Operations 17 min read

Mastering Web Log Analysis: Spotting Anomalies and Boosting Performance

This guide explains how to set up a Python‑based log‑analysis tool for web servers, defines key terminology, outlines installation requirements, describes its abstract‑based aggregation features, and demonstrates usage of the accompanying command‑line utility for request, IP, distribution, and detail analysis.

MaGe Linux Operations
MaGe Linux Operations
MaGe Linux Operations
Mastering Web Log Analysis: Spotting Anomalies and Boosting Performance

Log Analysis

Log analysis is crucial for troubleshooting and performance analysis in web systems. Unlike typical PV/UV dashboards, this tool provides fine‑grained (minute‑level) abstraction and aggregation of logs for anomaly detection and performance insights.

Environment Installation

Python 3.4+

pymongo 3.4.0+

MongoDB server

Key Terminology

uri

– the part of the request without parameters; request_uri – the original request, with or without parameters; args – the parameter part of the request (as defined by nginx). Abstracted forms: uri_abs – abstracted URI (e.g., "/sub/*/*/*"); args_abs – abstracted arguments (e.g., "channel=*&version=*").

Features

Provides a unified entry for log analysis across all servers of a site, with filtering by time range and server.

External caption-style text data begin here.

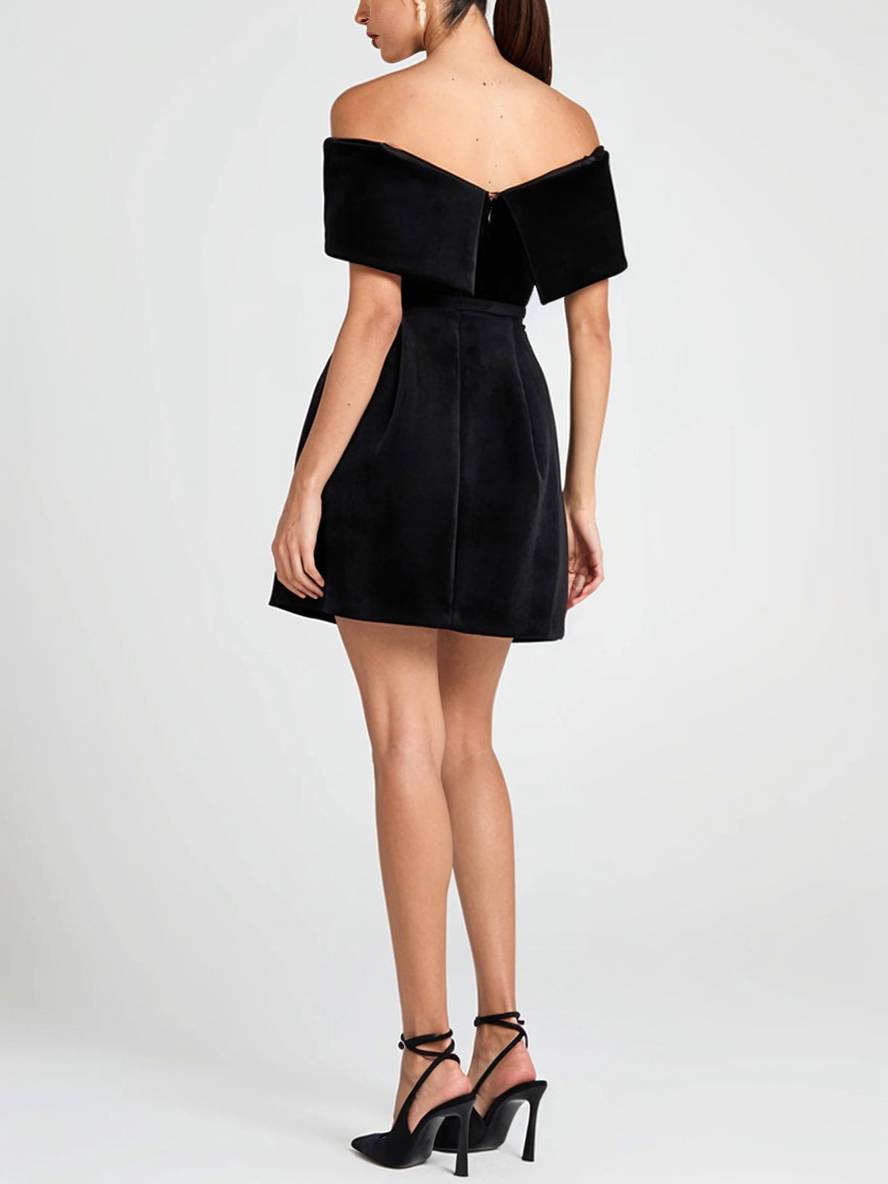 Levoire | Robe À Bretelles Courte En Velours Avec Décolleté Bateau, Poches, Ceinture, Élégante Robe De Soirée Pour Occasions, Cocktail Party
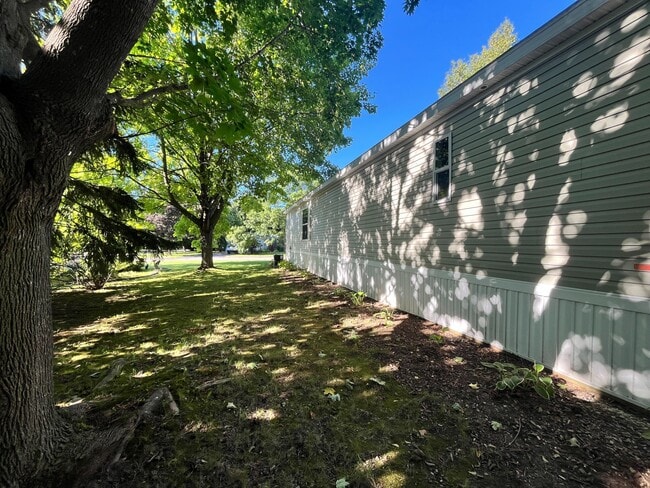 Building Photo - 1607 Delaware Dr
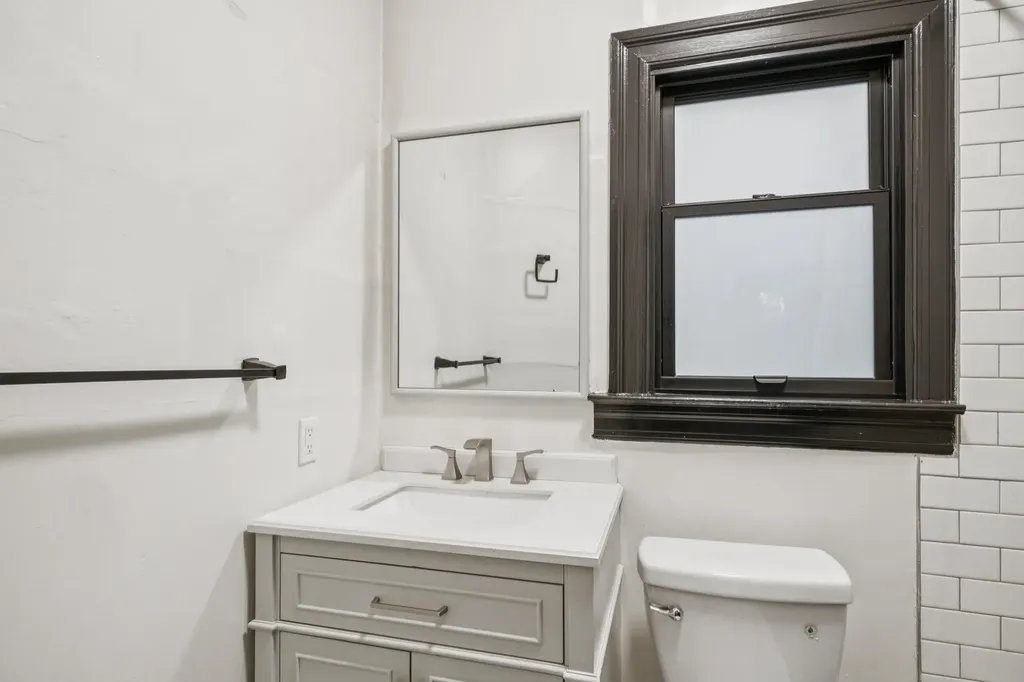 925 19th Street Oakland CA 94606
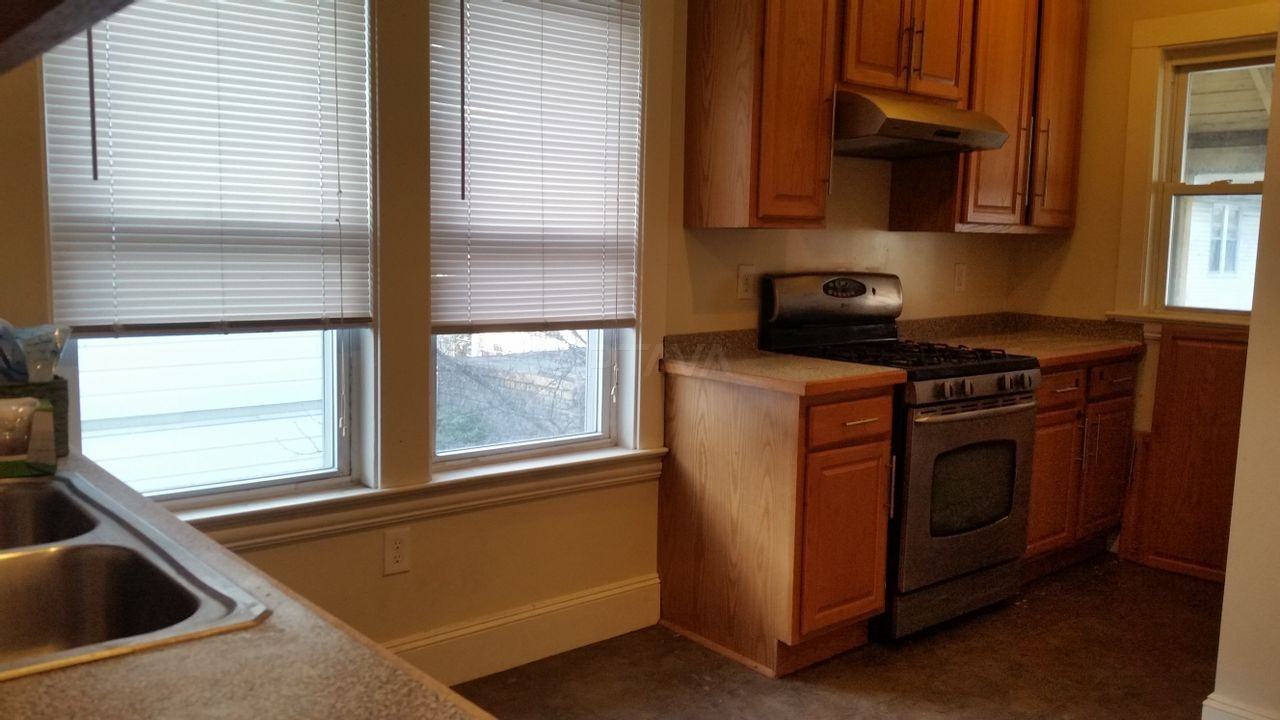 38 Alexander Ave #2 - Photo 7 of 11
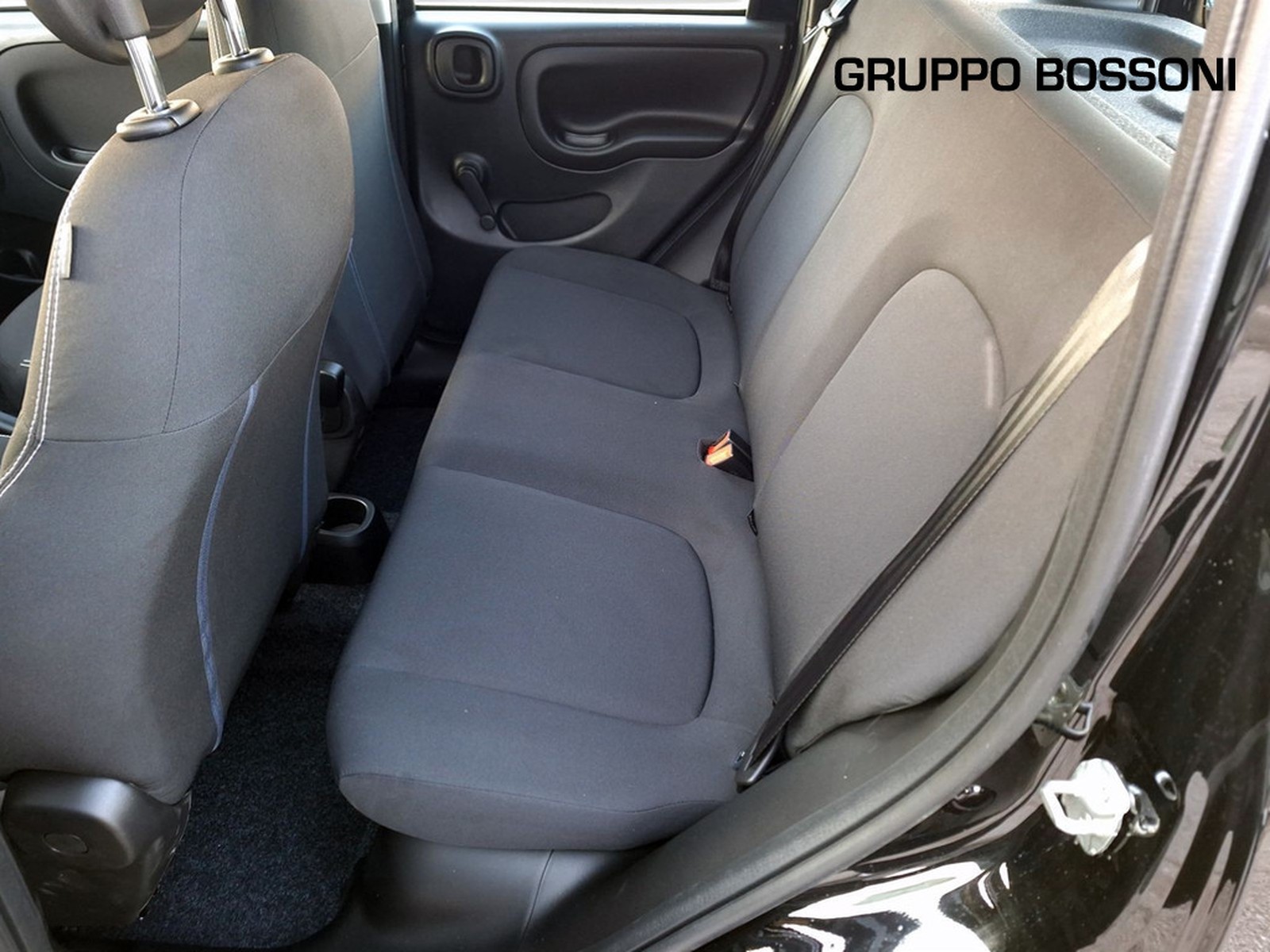 12 - Fiat Pandina 1.0 firefly hybrid 70cv pop s&s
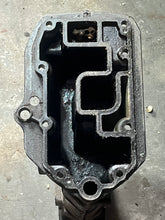 Cargar imagen en el visor de la galería, DF 30 hp Suzuki DRIVESHAFT HOUSING 20” long 52110-94L11-YAY four stroke 2018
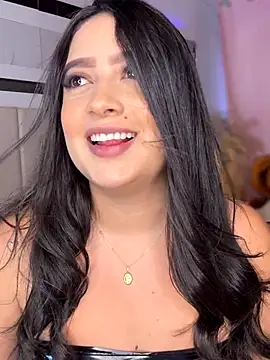 Snapshot of Emiily_Moore1 chatting on November 15, 1:14 am Emiily Moore1 online show from November 15, 1:14 am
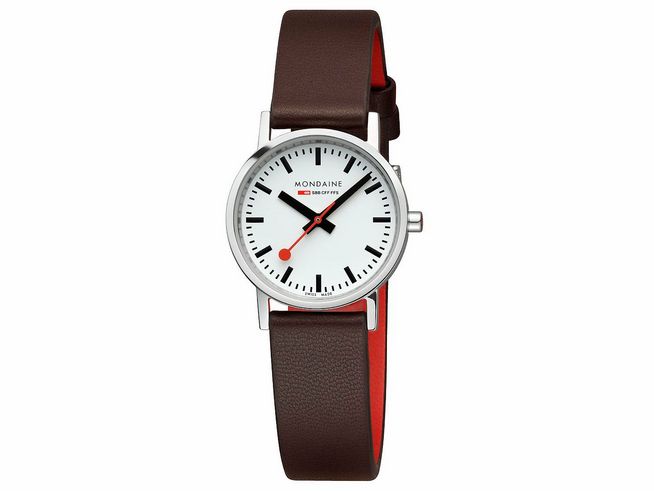 Mondaine Uhr Classic A658.30323.11SBGV mit einem 30 mm Gehäuse, weißem Ziffernblatt, schwarzer und roter Uhrzeiger sowie braunem Lederarmband. Elegant und zeitlos.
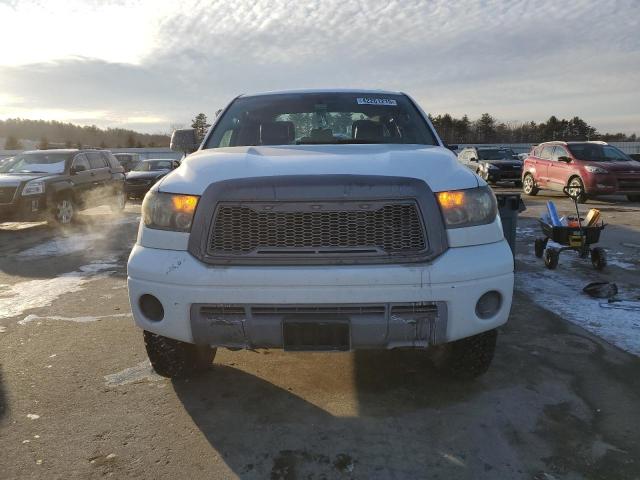 Photo 5 from auction – 2012 TOYOTA TUNDRA DOU with VIN 5TFUY5F11CX213736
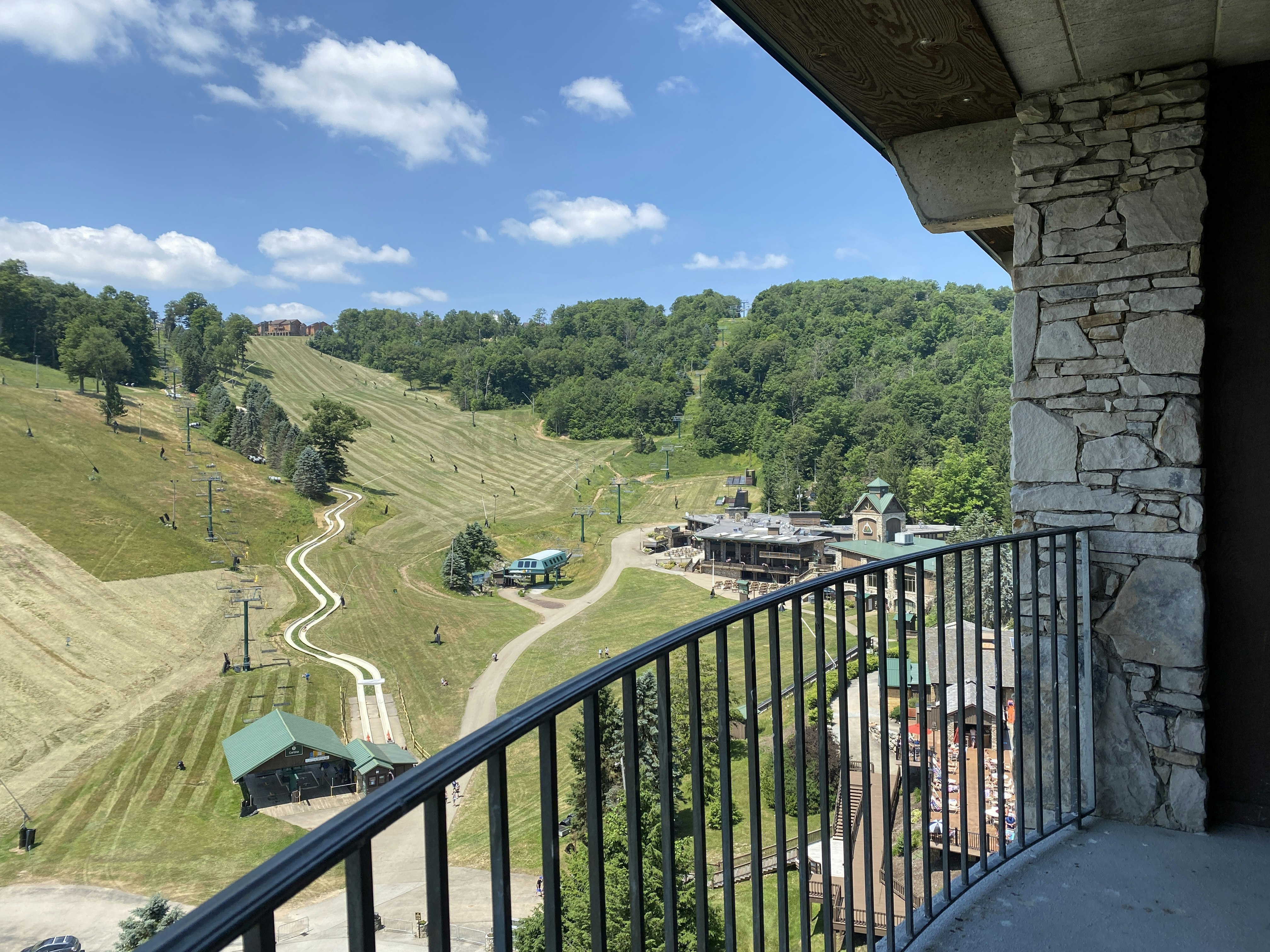 Slopeside Hotel at Seven Springs Resort 31/35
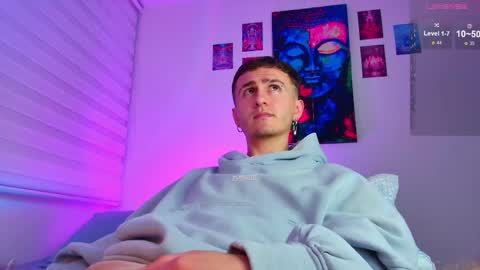 Julian Independent Model online show from 15, 4, 2026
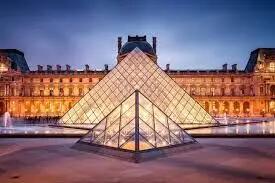  فرانسه رکورد گردشگران را شکست/ میزبانی از ۱۰۲ میلیون مسافر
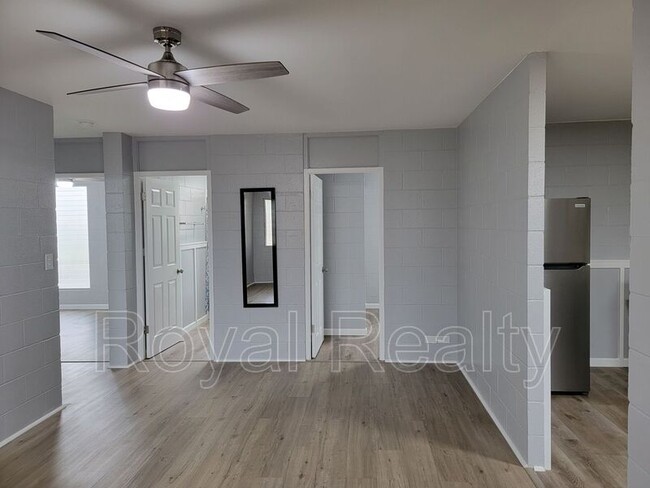 Foto del edificio - 94-245-245 Leowahine St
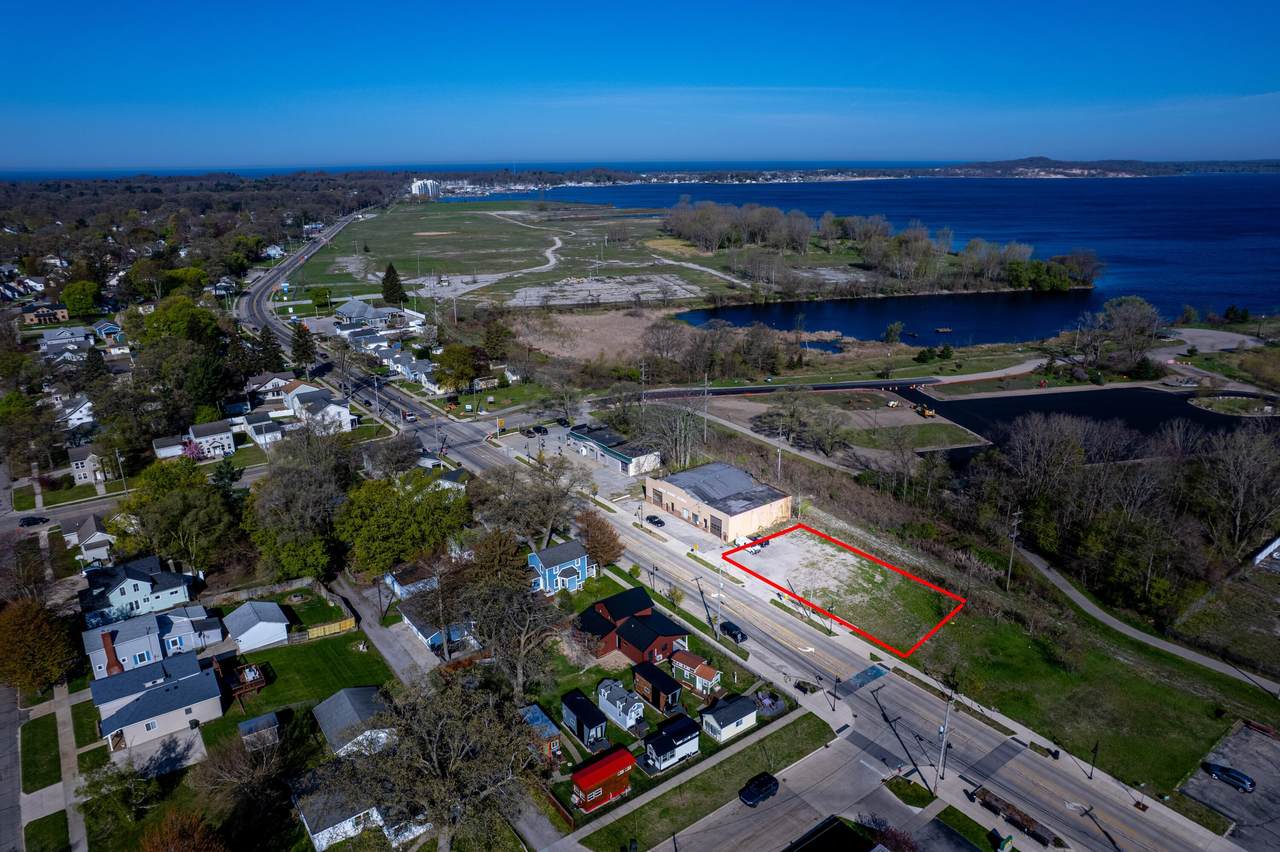 2034 Lakeshore Drive - Photo 1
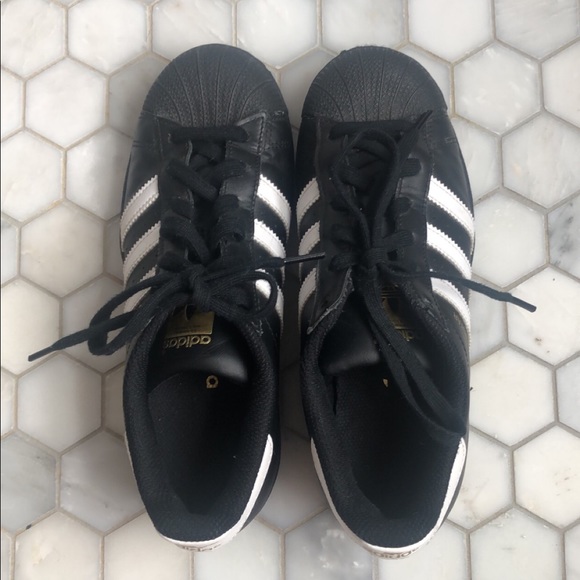 adidas superstar athletic shoe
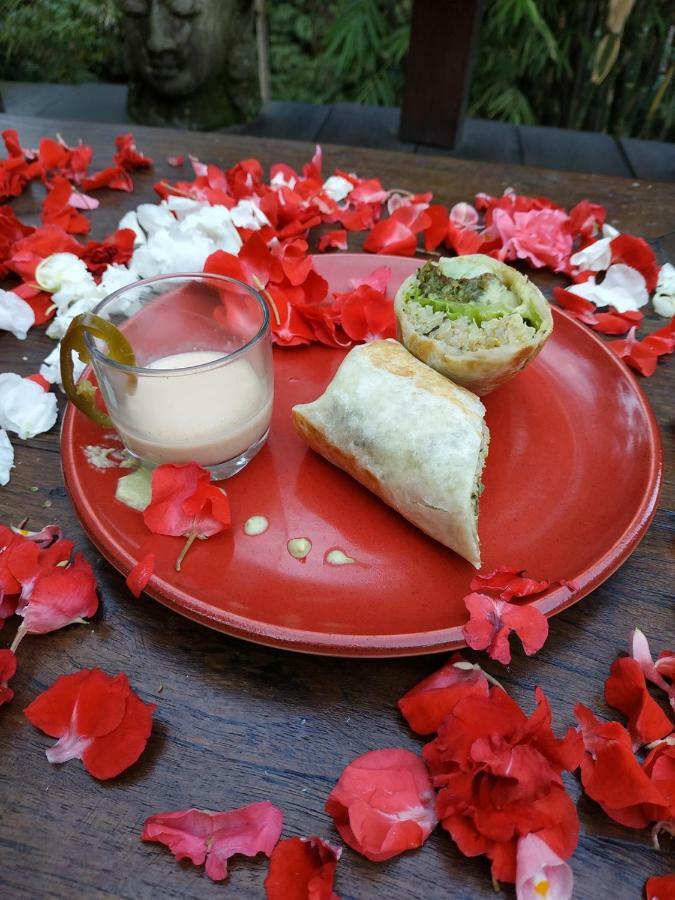 Lounge Eco-boutique Bali Dacha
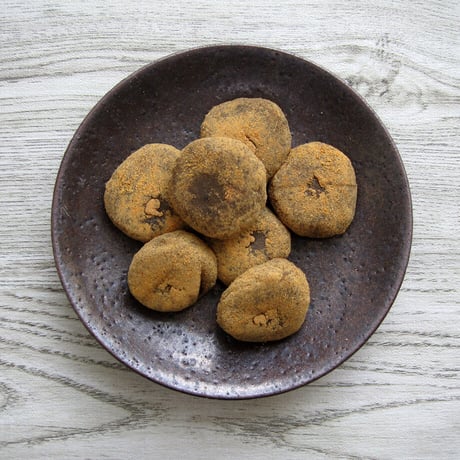 黒ごまきな粉ちぎり草もち130g（7499）金賞受賞の和風もち菓子 日本産大豆使用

Supports analysis of request URI, IP, and response code, focusing on request count, response size, and response time.

Core idea: treat a class of uri or its related args as dimensions; abstract uri into uri_abs and args_abs.

Default abstraction satisfies most needs; custom rules can be defined to abstract any request part.

URI analysis shows request volume, latency, and traffic distribution over various granularities (minute, ten‑minute, hour, day) and can drill down to specific uri_abs and its args.

IP analysis groups requests into three sources (cdn/proxy, reverse proxy, direct client) and ranks IPs by request count within each group.

Uses quartile statistics for more accurate description of response time and size, avoiding misleading arithmetic averages.

High performance: the script runs on each web server via cron; processing speed reaches 20 000–30 000 lines/s on typical hardware.

Implementation Idea

The analysis script log_analyse.py is deployed on each web server and scheduled with crontab. It uses Python's re module to parse logs and extracts fields such as uri, args, timestamp, status code, response size, response time, and server name, then stores the processed data in MongoDB. The entry script log_show.py reads the stored data and provides various sub‑commands for analysis.

Prerequisites

All servers store log files in a unified path.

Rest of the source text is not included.